Defense bounces back from poor start

October, 27, 2013
10/27/13
8:16
PM ET
Defensive coordinator Ray Horton now has some numbers for the Cleveland Browns defense that nobody can dispute.

Horton, who makes a habit of bringing stats to back up his players at his weekly media gathering, can point to what the defense did in the second half.

After giving up 20 points to the Chiefs in the first half, the Browns defense gave up only a field goal -- and that came in the final minute after the Browns' last-chance drive failed. After giving up 296 yards the first half, the defense gave up 31 yards in the second. And after giving up 16 first downs the first half, the defense gave up three the second. The Browns also tied their season-high with six sacks, five more than Kansas City’s league-leading defense had.

Coach Rob Chudzinski said the team made some adjustments in the second half, but the players said it was merely a matter of attitude.

“The biggest adjustment was our mentality,” linebacker Paul Kruger said. “We kind of got hit in the face and we knew we had to fight to get back in the game.”

The defense was embarrassed the first half as Kansas City held the ball for 22:46, and they aired out that embarrassment and disgust at halftime.

The Chiefs’ 20 points meant that in two quarters against the Chiefs, four against the Packers and two against Detroit, the Browns had given up 75 points.

That did not sit well with a unit that is ranked high in the league in overall standing.

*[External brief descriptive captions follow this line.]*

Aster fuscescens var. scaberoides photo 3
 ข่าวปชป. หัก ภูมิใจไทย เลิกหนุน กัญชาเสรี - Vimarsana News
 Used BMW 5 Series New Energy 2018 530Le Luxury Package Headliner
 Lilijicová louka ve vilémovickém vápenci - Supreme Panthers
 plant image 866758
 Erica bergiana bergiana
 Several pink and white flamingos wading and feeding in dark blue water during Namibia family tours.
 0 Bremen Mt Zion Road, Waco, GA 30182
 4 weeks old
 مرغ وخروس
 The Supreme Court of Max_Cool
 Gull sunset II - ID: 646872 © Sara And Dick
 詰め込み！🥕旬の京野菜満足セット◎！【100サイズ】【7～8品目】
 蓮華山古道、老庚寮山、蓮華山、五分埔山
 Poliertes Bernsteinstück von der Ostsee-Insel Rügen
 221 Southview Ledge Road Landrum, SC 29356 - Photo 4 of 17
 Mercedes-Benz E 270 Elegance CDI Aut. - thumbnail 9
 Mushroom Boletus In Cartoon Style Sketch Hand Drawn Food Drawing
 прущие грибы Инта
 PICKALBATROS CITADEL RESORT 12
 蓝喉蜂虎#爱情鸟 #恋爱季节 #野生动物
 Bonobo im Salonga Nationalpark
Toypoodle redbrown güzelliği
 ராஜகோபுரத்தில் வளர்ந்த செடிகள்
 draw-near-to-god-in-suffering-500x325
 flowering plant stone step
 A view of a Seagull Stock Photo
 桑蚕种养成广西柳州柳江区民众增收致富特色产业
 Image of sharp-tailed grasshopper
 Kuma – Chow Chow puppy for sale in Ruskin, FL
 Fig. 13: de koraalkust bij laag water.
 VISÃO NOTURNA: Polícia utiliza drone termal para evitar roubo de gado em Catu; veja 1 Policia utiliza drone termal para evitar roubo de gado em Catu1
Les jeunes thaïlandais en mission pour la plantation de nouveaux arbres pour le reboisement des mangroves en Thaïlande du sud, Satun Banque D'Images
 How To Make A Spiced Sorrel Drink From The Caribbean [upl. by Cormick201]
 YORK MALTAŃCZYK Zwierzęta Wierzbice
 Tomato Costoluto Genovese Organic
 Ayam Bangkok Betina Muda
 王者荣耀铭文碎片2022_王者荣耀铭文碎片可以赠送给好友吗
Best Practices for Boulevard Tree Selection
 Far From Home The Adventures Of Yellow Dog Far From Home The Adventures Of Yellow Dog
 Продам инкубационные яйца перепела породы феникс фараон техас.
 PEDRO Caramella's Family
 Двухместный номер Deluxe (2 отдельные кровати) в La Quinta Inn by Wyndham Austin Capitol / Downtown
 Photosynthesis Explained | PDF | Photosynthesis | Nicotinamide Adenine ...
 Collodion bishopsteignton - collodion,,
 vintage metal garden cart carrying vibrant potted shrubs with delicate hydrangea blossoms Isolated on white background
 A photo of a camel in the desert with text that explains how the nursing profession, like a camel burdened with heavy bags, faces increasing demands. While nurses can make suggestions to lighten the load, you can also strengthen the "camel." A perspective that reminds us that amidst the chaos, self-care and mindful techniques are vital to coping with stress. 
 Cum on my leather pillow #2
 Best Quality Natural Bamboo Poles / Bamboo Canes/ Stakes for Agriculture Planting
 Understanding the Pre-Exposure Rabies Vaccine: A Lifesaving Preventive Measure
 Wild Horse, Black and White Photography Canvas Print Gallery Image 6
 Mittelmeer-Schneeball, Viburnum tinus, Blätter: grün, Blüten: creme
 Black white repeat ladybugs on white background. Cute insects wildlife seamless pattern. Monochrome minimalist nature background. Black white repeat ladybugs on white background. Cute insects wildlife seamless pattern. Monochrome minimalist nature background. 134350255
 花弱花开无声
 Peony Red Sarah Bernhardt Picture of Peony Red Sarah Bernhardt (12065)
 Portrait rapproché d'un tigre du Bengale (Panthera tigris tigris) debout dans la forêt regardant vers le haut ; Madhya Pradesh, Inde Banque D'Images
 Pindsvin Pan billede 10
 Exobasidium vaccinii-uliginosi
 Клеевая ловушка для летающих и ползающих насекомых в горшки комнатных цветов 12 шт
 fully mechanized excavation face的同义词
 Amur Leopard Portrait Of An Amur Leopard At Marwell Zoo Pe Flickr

“What we put out in that first half, that was not characteristic of what we pride ourselves in becoming as a defense,” linebacker and captain D’Qwell Jackson said. “The first half we didn’t play an ounce of what we’re capable of doing. The second we were like, 'we have to play better.'

“It couldn’t get any worse.”

Jackson admitted the defense did not give the Browns a chance to win with its early play. And though the Browns came close to winning, Jackson believes the defense can do more.

“We have to do a better job of creating opportunities” for the offense, he said.

Meaning, forcing turnovers. The Browns forced none in the loss. It was a loss, but if the Browns want to take something from the game, they can point to Jason Campbell's play at quarterback and to the way the defense played in the final 30 minutes.

Now, if the Browns can just put a complete game together.